It is our guilty pleasure; we hate looking into them, but we feel compelled to anyway. In this world where edited and perfected reflections stare at us from every direction, our mirrors shouldn’t be something to be afraid of looking into. Our mirrors are real and unbiased, unlike us humans, yet our reflections are incredibly beautiful and imperfect. Rather than ripping us apart, our reflections should make us stronger. We are scared of our mirrors. We are so scared of what we see. What we should really be afraid of is how powerful that girl is beneath it. Because the truth is, we are all powerful enough to bust through glass. Glass is delicate, but women are incredibly strong. Our reflections should make us feel nothing short of powerful. So let us change the way we look at our reflections. Let us be kind to the girl staring back at us, and let us make her stronger. What can happen if we deliberately choose to think differently and speak differently? What if we erase the imperfections staring us down with positivity? Here are some things to practice next time the glass gets in the way of your world:
1. Do not approach the mirror with negative expectations.
Stand in front of the mirror knowing that you are going to LOVE what you see. If you have negative thoughts, they will undoubtedly reflect back at you. In fact, they will stick out like a sore thumb. Go in with positive thoughts, and your eyes will only find the positive.
2. Reshape your negative thoughts and transform them into something positive.
Okay, so we all have problem areas that we have made up and labeled. Maybe its your “thicker” thighs, or love handles, or acne. Next time you look at this problem area, try to transform these negative thoughts into positive, self-affirming ones. For example, instead of saying, “I hate my thick thighs,” say something along the lines of, “My thick thighs are strong, and enable me to do things I love, like run and play sports.” Or replace something negative with some positive quality. For example, “My kindness outshines my acne.”
3. Write self-love notes on your mirror with Expo marker or post-it notes.
You can write all sorts of things. Cover your mirror in these self-embracing notes.
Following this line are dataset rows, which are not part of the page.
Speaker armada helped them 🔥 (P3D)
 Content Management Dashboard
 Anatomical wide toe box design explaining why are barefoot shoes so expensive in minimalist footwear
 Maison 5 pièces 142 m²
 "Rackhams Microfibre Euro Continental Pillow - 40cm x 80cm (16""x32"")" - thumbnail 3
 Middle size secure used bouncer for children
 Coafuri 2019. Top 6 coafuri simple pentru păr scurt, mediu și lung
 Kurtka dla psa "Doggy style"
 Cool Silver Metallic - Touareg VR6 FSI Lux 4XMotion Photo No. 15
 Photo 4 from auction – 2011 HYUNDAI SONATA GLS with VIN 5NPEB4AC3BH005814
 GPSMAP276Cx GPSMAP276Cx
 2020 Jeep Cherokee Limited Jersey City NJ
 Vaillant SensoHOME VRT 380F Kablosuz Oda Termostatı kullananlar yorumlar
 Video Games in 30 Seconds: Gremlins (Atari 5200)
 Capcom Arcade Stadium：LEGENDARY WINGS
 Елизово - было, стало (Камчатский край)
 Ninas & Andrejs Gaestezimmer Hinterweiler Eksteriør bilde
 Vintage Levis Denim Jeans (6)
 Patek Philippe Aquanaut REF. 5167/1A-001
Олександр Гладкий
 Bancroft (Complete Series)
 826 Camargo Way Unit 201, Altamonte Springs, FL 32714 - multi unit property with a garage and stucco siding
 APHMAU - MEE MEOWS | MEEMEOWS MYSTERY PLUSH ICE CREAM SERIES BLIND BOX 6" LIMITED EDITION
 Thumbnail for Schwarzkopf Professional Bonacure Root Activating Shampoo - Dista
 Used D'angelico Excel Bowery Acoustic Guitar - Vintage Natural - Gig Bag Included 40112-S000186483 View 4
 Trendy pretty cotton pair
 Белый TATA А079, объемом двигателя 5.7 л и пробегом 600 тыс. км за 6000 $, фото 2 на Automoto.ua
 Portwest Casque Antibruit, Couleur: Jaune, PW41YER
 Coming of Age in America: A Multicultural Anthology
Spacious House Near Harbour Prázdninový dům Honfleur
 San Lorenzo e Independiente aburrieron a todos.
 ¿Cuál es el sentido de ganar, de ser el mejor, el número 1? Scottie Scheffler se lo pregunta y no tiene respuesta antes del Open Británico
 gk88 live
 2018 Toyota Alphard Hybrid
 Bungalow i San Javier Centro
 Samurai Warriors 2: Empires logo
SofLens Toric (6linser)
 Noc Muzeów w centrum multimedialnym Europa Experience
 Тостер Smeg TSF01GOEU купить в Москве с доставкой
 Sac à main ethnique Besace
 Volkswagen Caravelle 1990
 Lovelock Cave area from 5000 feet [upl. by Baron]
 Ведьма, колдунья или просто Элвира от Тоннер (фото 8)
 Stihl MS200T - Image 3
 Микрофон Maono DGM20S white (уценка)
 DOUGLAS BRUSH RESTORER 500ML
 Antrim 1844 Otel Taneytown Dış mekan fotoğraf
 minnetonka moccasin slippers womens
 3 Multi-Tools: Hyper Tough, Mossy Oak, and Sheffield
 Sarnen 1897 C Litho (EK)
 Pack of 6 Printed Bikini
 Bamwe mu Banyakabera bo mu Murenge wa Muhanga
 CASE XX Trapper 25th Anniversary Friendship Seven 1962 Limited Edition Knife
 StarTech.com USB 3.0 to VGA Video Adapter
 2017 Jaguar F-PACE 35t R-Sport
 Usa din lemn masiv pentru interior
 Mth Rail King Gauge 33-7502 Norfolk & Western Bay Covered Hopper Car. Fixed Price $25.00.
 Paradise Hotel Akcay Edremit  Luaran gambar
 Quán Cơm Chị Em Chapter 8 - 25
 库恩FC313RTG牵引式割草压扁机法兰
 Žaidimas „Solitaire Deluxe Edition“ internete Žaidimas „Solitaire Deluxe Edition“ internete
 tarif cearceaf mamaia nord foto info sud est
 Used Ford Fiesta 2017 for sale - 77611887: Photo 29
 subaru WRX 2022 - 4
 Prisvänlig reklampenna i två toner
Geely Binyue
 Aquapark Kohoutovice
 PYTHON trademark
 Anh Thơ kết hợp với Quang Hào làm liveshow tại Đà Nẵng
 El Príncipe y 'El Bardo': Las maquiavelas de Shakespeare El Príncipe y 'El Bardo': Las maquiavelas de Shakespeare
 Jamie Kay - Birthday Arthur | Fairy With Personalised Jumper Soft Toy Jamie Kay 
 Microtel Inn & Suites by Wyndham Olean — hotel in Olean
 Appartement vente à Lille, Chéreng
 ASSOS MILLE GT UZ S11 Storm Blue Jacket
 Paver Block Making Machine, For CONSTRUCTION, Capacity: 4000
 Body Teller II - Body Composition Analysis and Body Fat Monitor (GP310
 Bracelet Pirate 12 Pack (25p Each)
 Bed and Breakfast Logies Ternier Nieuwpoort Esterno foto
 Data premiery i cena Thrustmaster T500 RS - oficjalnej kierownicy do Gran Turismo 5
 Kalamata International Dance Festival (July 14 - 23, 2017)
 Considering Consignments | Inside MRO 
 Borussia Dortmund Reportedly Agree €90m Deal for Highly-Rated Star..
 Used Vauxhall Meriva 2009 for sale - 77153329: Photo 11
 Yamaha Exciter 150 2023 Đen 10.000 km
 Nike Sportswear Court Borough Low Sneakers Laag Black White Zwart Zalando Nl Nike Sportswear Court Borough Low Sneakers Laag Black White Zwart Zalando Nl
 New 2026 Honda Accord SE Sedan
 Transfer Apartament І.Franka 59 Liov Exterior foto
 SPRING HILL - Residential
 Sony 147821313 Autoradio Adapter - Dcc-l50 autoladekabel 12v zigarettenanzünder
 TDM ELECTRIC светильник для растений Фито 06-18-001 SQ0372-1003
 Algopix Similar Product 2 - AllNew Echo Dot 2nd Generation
They’ll remind you each time you stray from positive thoughts. You can also leave these notes on your friends’ mirrors.
4. Self-talk for 5-10 minutes. Stare at your reflection and just talk.
This is the easiest technique. Look into the mirror and talk to yourself. This sounds very weird at first, but hey, if it works, try it right? Tell yourself all of the kind, thoughtful things that you deserve to hear each and every moment. Preach confidence. Minimize that critical, self-deteriorating voice, and replace it with a confident, self-loving fan club.
5. Change the size/shape of your mirror.
You should love your mirror almost as much as you love yourself. Smaller, bigger, round, square, etc. For example, if you love your face and not your body, replace that vertical mirror with a circular one. If you love vibrant colors, ditch the boring white mirror for a neon colored one.
Look at your smile. Inhale confidence, and exhale happiness. Focus on your smile. Now take that smile with you for the rest of your day. Smiling gives you the opportunity to acknowledge all of the power, beauty, and greatness staring back at you. That smile can’t be taken away, not even from a silly piece of glass.
7. Ditch the mirror.
If the mirror is causing you too much self-loathing and misery, ditch it. Throw it from a moving vehicle, smash it with a sledge hammer, donate it to your boyfriend’s ex, paint it black. Say bye bye reflection, hello real me.
Love your reflection, because it’s you, and you are amazing. Just remember, it’s not the whole you.